◆ **EXERCISE AIM**
Whenever the word "Image" appears in a line of the data below, copy that line.

-- -- --

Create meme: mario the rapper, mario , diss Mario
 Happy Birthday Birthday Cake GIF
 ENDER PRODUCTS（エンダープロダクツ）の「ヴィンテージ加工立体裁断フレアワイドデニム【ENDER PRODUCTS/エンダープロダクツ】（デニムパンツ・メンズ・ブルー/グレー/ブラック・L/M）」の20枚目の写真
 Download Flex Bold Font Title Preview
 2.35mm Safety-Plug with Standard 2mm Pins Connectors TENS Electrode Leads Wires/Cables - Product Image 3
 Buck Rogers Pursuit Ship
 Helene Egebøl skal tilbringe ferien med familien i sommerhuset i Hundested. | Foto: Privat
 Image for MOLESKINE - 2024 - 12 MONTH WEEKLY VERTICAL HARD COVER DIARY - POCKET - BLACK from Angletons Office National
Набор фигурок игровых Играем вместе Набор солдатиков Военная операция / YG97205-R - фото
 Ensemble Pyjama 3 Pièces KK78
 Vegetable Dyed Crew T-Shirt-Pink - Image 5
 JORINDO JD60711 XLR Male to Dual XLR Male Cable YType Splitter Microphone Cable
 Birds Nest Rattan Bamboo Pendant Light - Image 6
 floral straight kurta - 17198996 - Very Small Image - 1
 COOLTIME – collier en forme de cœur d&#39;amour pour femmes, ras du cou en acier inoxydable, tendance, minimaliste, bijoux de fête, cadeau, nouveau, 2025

-- -- --

◆ **SOLUTION TO THIS EXERCISE**
 2.35mm Safety-Plug with Standard 2mm Pins Connectors TENS Electrode Leads Wires/Cables - Product Image 3
 Image for MOLESKINE - 2024 - 12 MONTH WEEKLY VERTICAL HARD COVER DIARY - POCKET - BLACK from Angletons Office National
 Vegetable Dyed Crew T-Shirt-Pink - Image 5
 Birds Nest Rattan Bamboo Pendant Light - Image 6
 floral straight kurta - 17198996 - Very Small Image - 1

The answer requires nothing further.